I am a retired architect with several decades of experience in the industry. From 1995 to 1999, I was the Chief Executive of the Accra Metropolitan Assembly. I saw at first hand from both positions the damage inflicted upon the city's economy and industry by the phenomenon described by Mr. Ishmael Yamson. I have often despaired of a solution to this intractable problem.
In my extensive experience with both the private sector and in government in Ghana l observed that the nation has a proud history of artisanal competence. In the old days before technical schools and polytechnics were widespread, workers learned their trade in workshops under the guidance of masters who passed down their experiences. Students acquired the trade by observing and understanding the process of creating products and copying what is taught by the master. Modern education introduced many exciting and science-based methods but somewhere along the process it broke this tradition of internship, training and manufacturing. We accepted a false division between academic learning and the manual mastery of the process. By separating the two strands of training we created a gap and lost the mutual benefit and traditions that each fed to the other. The lopsided results are the subject of Ishmael Yamson's painful observations.

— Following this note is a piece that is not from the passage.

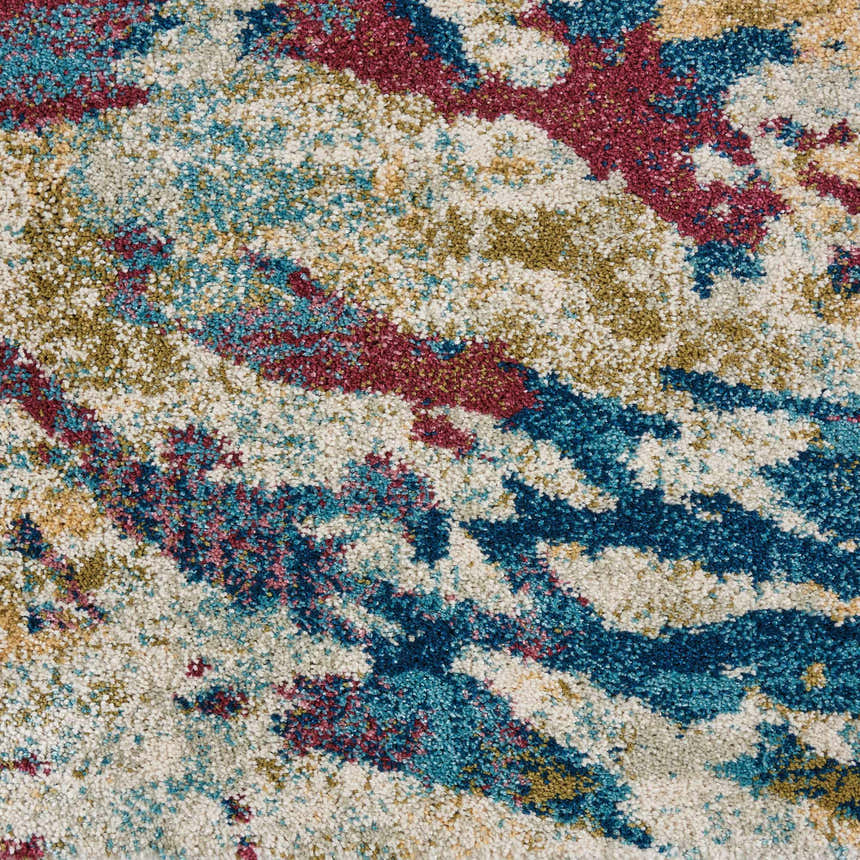 Close-up of Nourison Fusion Cream Multicolor rug showing abstract pattern and texture in cream, blue, red, and gold.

I am very excited by the latest program of the Design and Technology Institute. It is called the PRECISION QUALITY TRAINING PROGRAM and it promises to revolutionize the work ethics of our youth by equipping them with new skills, fresh attitudes and opportunities. It will enhance the integration of young people into the workplace and equip them to meet industries standards of performance.
The PQ program was designed and developed in collaboration with industry experts and has been accredited by the Commission for Technical and Vocational Education Training (COTVET). The long and public efforts by DTI to reduce youth unemployment has attracted the attention of progressive patrons and this program is the result of a partnership between the MasterCard Foundation and DTI. A program of this scale will no doubt require the support of the community to have any chance to succeed. It will need national policy makers, leaders of industry and manufacturers, Instructors of management theory and practice, guilds of artisan, associations of engineers to work as a team with clear and measurable roles.
In my long career in this country I am pleased to have finally encountered a project that has a chance to impact on the disintegration of our cities and give our youth a chance for a better life.